##### Given information #####

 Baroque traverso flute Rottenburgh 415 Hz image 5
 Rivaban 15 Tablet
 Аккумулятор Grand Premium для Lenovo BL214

#####
##### Given information #####

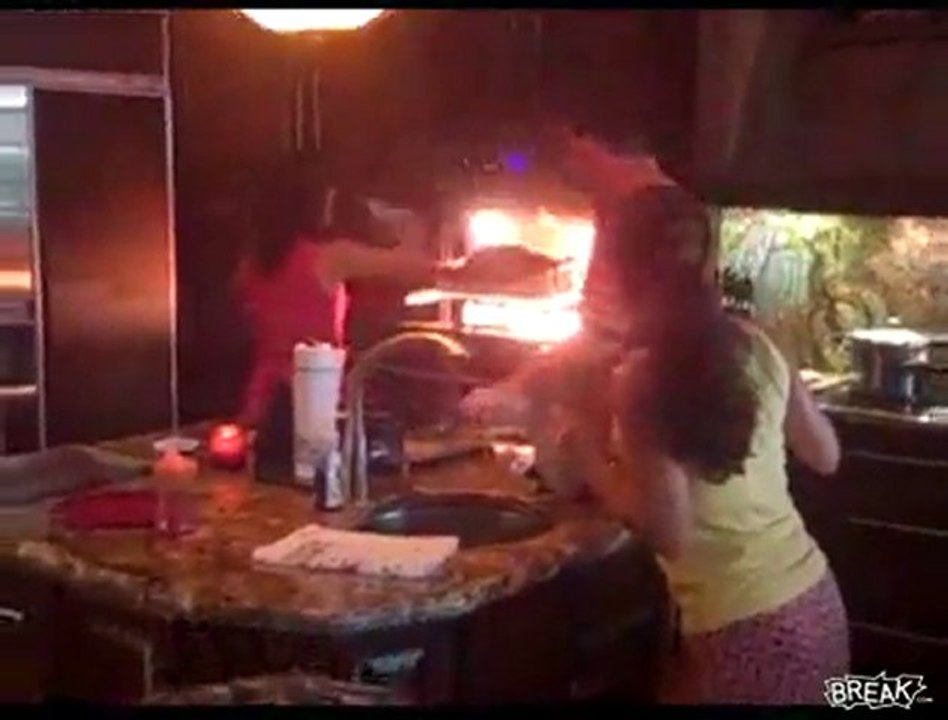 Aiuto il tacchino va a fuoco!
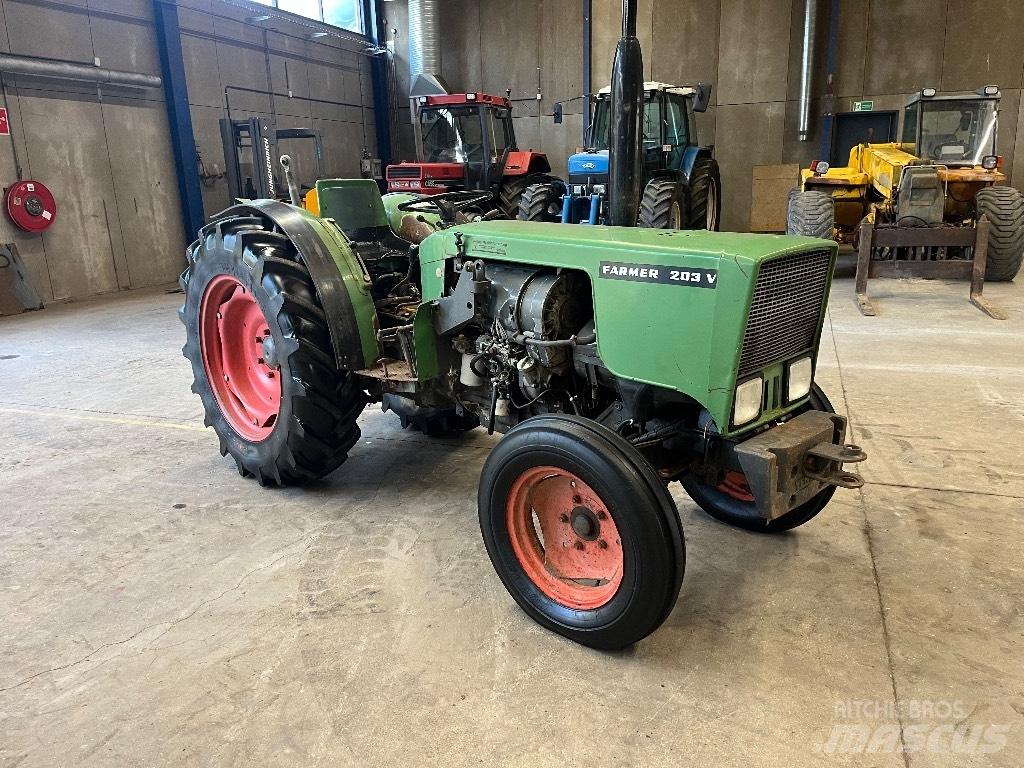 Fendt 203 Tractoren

#####

### Exercise brief
Within the data above, the lines from the one with "Baroque traverso flute" to the one with "Аккумулятор Grand Premium для Lenovo BL214" must be repeated exactly; no other line belongs in the answer.

### Exercise output
 Baroque traverso flute Rottenburgh 415 Hz image 5
 Rivaban 15 Tablet
 Аккумулятор Grand Premium для Lenovo BL214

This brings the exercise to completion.